Nunca he sentido «amor» por el Estado, y la verdad, tampoco aspiro a ser un correctísimo ciudadano. Sí sé, sin embargo, lo que es sentir amor por las personas de carne y hueso, y cuando éstas sufren, yo siento dolor -aunque me aleje como la peste del sufrimiento, que diluye toda energía para poder rebelarse-; la necesidad de Justicia, para mí, está en el deseo cotidiano de felicidad, de dignidad, y es por ello por lo que, para bien o para mal, siempre serán necesarios, más que instituciones, individuos de carne y hueso, intelectual y moralmente preparados para tomarse la sacrosanta «Justicia» en serio.

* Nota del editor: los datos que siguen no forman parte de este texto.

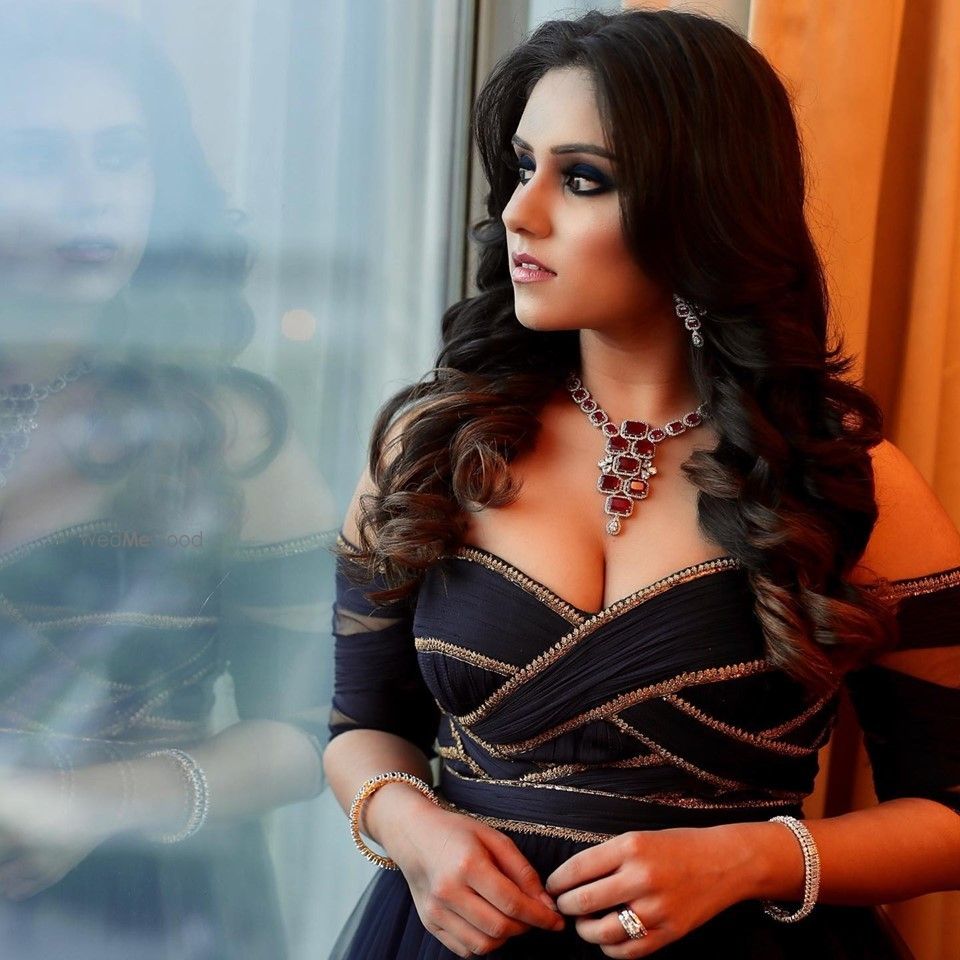 Photo By Makeovers by Swati - Bridal Makeup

No vivimos tiempos propicios para tales discursos, me consta, y quizás nunca lo hayan sido, pero cuando escucho los histriónicos y vehementes discursos que versan sobre la necesidad de salvaguardar a toda costa el «estado de derecho», cuando veo qué clase de individuos -un ejemplo es José María Aznar- verbalizan tales discursos, me resulta difícil, sino imposible, reprimir esa tan conocida sensación de desazón y hasta de malestar fisiológico que nos provoca el escuchar a políticos cuya calidad moral e intelectual está a la altura de la concha de un caracol, y que aún por encima intentan erigirse a sí mismos como arquitectos de destinos colectivos.

A Don Josema convendría juzgarlo, y ya, en los tribunales internacionales por criminal de guerra. Sí, criminal de guerra, sin eufemismos. Al trío de las azores se le han ido consumiendo con el tiempo todas las «razones» que justificaron aquella masacre de civiles inocentes; masacre que ya estaba preparada para ser televisada antes de que el primer soldado yankee aterrizase en Irak, y que reportó pingues beneficios a los medios de comunicación que ya estaban con las cámaras preparadas antes de que los mismísimos pollinos (en la RAE : hombre simple, ignorante o rudo) de Texas, Madrid y Londres diesen la orden de partida a sus ejércitos.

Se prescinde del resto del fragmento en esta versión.